Je vis qu'un sacrifice n'augmentait pas, mais qu'il diminuait et était consumé. Je vis aussi que Dieu n'exigeait pas que tous vendent leurs propriétés en même temps; mais que, s'ils le désiraient, il leur ferait connaître au moment du besoin la quantité de leurs biens qu'ils devaient vendre, ainsi que le moment où ils devaient le faire. Il a été demandé autrefois à quelques-uns de vendre leurs propriétés pour soutenir la cause du message adventiste, alors que d'autres devaient conserver les leurs jusqu'au moment où le besoin s'en ferait sentir. Le moment venu, leur devoir sera de vendre.

Je vis que certains n'avaient pas annoncé sous son jour véritable le message: "Vendez ce que vous possédez, et donnez-le en aumônes." Ils n'avaient pas présenté clairement la signification de ces paroles du Sauveur. Le but à atteindre en vendant n'est pas de subvenir aux besoins de ceux qui sont capables de le faire eux-mêmes, mais de répandre la vérité. C'est un péché d'entretenir et d'encourager la paresse de ceux qui peuvent travailler. Il en est qui ont été zélés pour assister à toutes les assemblées, non pour glorifier Dieu, mais pour des "pains et des poissons". Ils auraient mieux fait de rester chez eux et de travailler de leurs mains à "ce qui est bien" pour subvenir aux besoins des leurs et avoir quelque chose à donner pour soutenir la cause de la vérité présente. C'est le moment aujourd'hui de s'amasser un trésor dans le ciel et de mettre son cœur au large, afin d'être prêts pour le temps de trouble. Ceux-là seulement dont les mains seront pures et les cœurs droits pourront 58supporter ce temps d'épreuve. C'est aujourd'hui qu'il faut avoir la loi de Dieu écrite dans nos esprits, sur nos fronts et dans nos cœurs.

Le Seigneur m'a montré le danger que nous courons en permettant à nos esprits d'être remplis de pensées et de soucis mondains. J'ai vu que quelques-uns se laissaient détourner de la vérité présente et de l'amour de la Bible par la lecture de livres excitants. D'autres se préoccupent énormément de ce qu'ils mangeront, boiront ou porteront. Il en est aussi qui attendent la venue du Christ pour un avenir trop lointain. Le temps a duré quelques années de plus qu'ils ne s'y attendaient; par conséquent ils croient que cela peut durer encore bien des années. C'est ainsi que leurs esprits ont été détournés de la vérité présente pour s'occuper des choses de ce monde. J'ai vu qu'il y avait là un grand danger; car si l'esprit est rempli d'autres choses, la vérité présente en sera chassée, et il ne restera plus de place sur les fronts pour y apposer le sceau du Dieu vivant. J'ai vu que le temps où Jésus doit officier dans le lieu très saint est sur le point de finir, et que sa venue est très proche. Nous devrions employer tous nos loisirs à sonder la Bible, qui nous jugera au dernier jour.

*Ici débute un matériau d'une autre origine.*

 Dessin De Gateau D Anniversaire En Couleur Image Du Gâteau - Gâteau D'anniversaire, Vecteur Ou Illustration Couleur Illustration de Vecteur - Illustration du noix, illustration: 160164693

Mes chers frères et sœurs, pensons constamment aux commandements de Dieu et au témoignage de Jésus, et laissons-les repousser nos soucis mondains. Qu'ils soient l'objet de vos méditations quand vous vous couchez et quand vous vous levez. Vivez et agissez toujours en vue de la venue du Fils de l'homme. Le temps du scellement est très court, et sera bientôt dans le passé. Aujourd'hui, alors que les quatre anges retiennent les quatre vents, assurons notre vocation et notre élection.